* What is required: In the material below, find the line with "For concealer and" and the line with "Mount the unit". Output exactly those two lines and all lines between them, leaving out pictures.

* Exercise material:
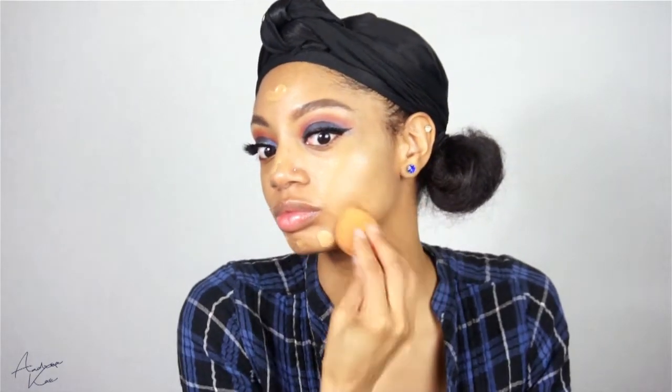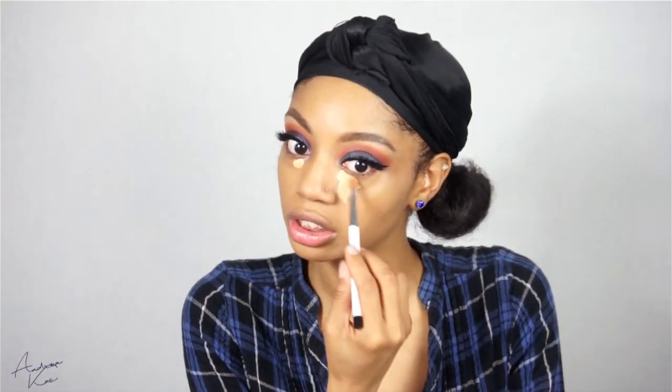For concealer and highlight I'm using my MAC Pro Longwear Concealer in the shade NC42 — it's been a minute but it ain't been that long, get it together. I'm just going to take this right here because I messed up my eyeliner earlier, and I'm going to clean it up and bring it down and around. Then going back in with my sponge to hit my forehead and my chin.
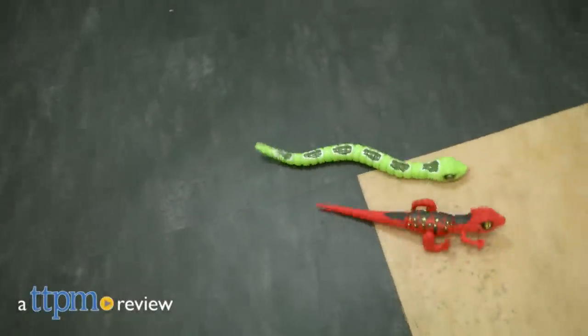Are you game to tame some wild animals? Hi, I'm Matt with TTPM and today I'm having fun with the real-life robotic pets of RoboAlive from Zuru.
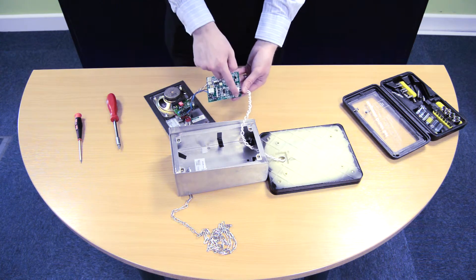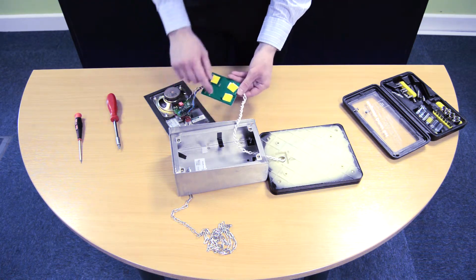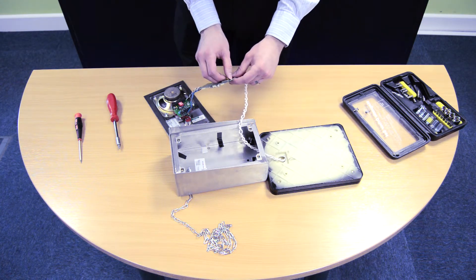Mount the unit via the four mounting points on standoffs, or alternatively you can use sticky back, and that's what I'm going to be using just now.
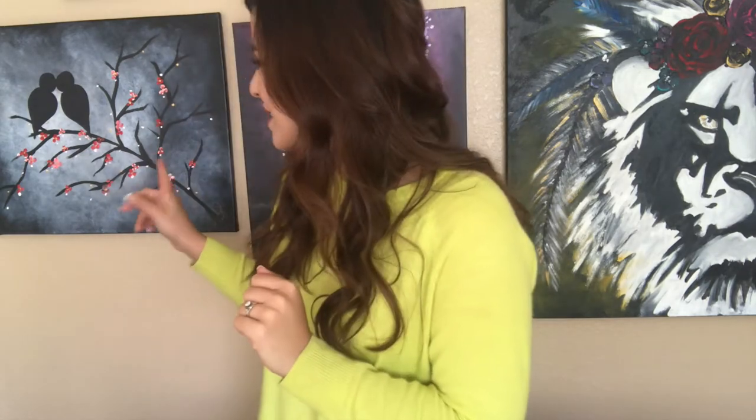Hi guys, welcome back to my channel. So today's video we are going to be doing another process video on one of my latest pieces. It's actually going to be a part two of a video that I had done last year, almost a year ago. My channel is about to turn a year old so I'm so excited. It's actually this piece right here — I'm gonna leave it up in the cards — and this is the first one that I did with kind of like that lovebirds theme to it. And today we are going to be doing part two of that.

==

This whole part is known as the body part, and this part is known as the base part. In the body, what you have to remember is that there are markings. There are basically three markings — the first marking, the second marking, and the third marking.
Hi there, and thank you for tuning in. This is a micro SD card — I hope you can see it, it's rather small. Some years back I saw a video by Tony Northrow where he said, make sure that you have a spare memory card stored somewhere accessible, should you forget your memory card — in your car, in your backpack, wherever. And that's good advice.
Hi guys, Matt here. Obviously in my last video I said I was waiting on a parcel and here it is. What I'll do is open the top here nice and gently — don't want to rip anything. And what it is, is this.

* Written answer:
For concealer and highlight I'm using my MAC Pro Longwear Concealer in the shade NC42 — it's been a minute but it ain't been that long, get it together. I'm just going to take this right here because I messed up my eyeliner earlier, and I'm going to clean it up and bring it down and around. Then going back in with my sponge to hit my forehead and my chin.
Are you game to tame some wild animals? Hi, I'm Matt with TTPM and today I'm having fun with the real-life robotic pets of RoboAlive from Zuru.
Mount the unit via the four mounting points on standoffs, or alternatively you can use sticky back, and that's what I'm going to be using just now.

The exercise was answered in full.